Extended Notice Periods, and Restrictive Covenants:
The granting of this award is conditioned on your agreeing to, and complying with, the restrictions set out separately in the addendum to your employment contract dated [DATE], issued by your Price Group employing entity (“Local Addendum”). In order to earn and become entitled to receive shares of Price Group common stock pursuant to the terms of the 2020 Long-Term Incentive Plan, you must comply with the restrictions contained in the Local Addendum without regard to whether or not any Award granted under this Notice of Grant has been forfeited, paid, delivered, or repaid, at any time, including at the time of the termination of your Service with Price Group.



Enforcement:
Remedies for breach of the terms of the Local Addendum.
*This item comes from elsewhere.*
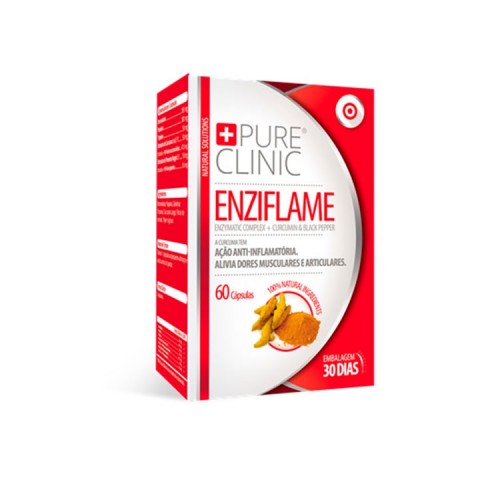 Enziflame 60 cápsulas
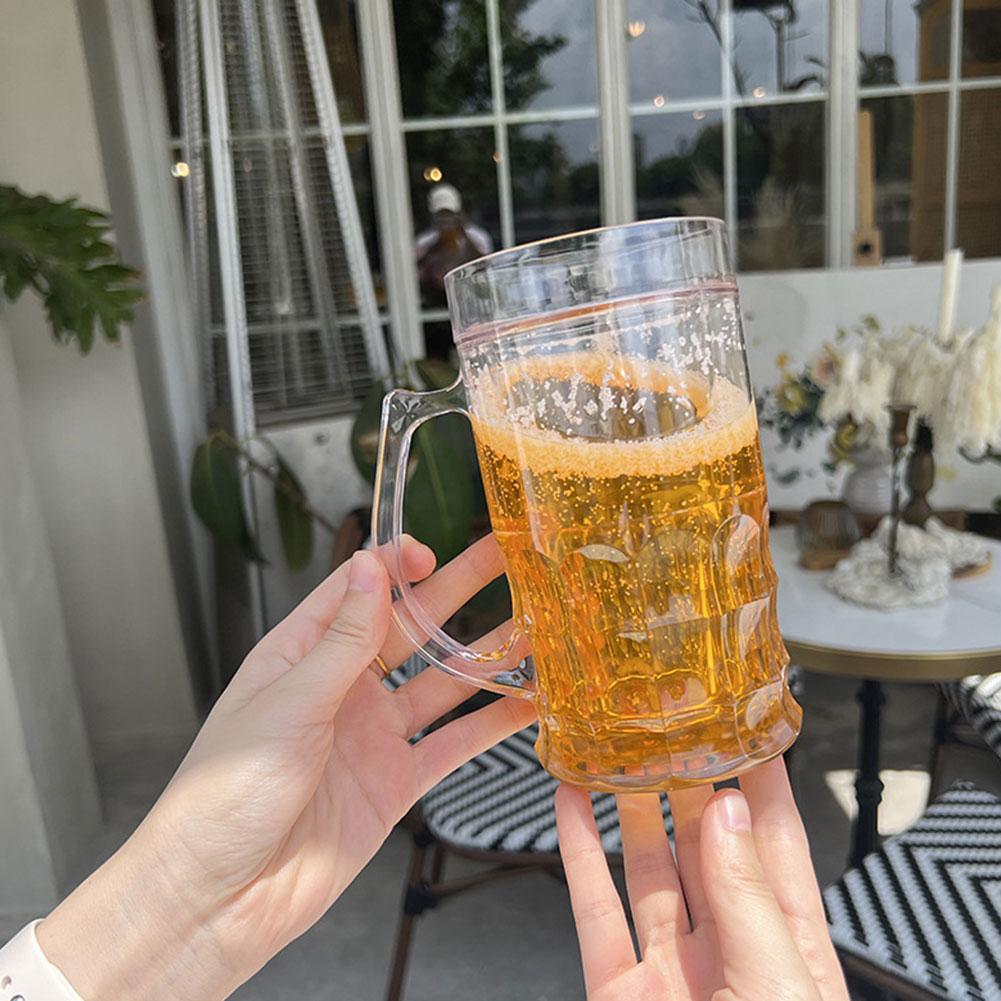 Забавная поддельная пивная кру – обзор и цена Beer Mug Handled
If you breach the terms of the Local Addendum or otherwise breach any of the agreements or covenants set forth in this Notice of Grant you agree that in addition to any other provisions that are enforceable against you or remedies available to Price Group under the terms of the 2020 Long-Term Incentive Plan Price Group, all unvested Stock Units then held by you will be immediately forfeited for no consideration.

Recoupment:
As provided in Section 16(h) of the 2020 Long-Term Incentive Plan, and because you are a Material Risk Taker, this Award is subject, as applicable, to the Malus and Clawback provisions of any applicable remuneration policy adopted by an employer of Price Group to which you may be subject as a result of being designated as a Material Risk Taker and any compensation recoupment policy adopted by the Board or the Administrator prior to or after the effective date of the 2020 Long-Term Incentive Plan, and as any such policy(ies) may be amended from time to time after its adoption.
Signature:
Your acceptance of this Notice of Grant, such acceptance to be in whatever form as may be required by or acceptable to Price Group, including, but not limited to by your signature, whether in wet or electronic form, includes (i) your acceptance of and agreement to be bound by the 2020 Long-Term Incentive Plan, and (ii) your acceptance of and agreement to comply with the provisions of this Notice of Grant governing the Notice Requirements, your obligation to maintain the confidentiality of all Price Group Confidential Information, and the Restrictive Covenants without regard to whether or not any Award granted under this Notice of Grant has been forfeited, paid, delivered, or repaid, at any time, including at the time of the termination of your Service with Price Group. Your failure to affirmatively accept this grant will result in the cancelation of the Award documented in this Notice of Grant.

This restricted stock unit grant does not constitute an employment contract. It does not guarantee employment for the length of the vesting period or for any portion thereof.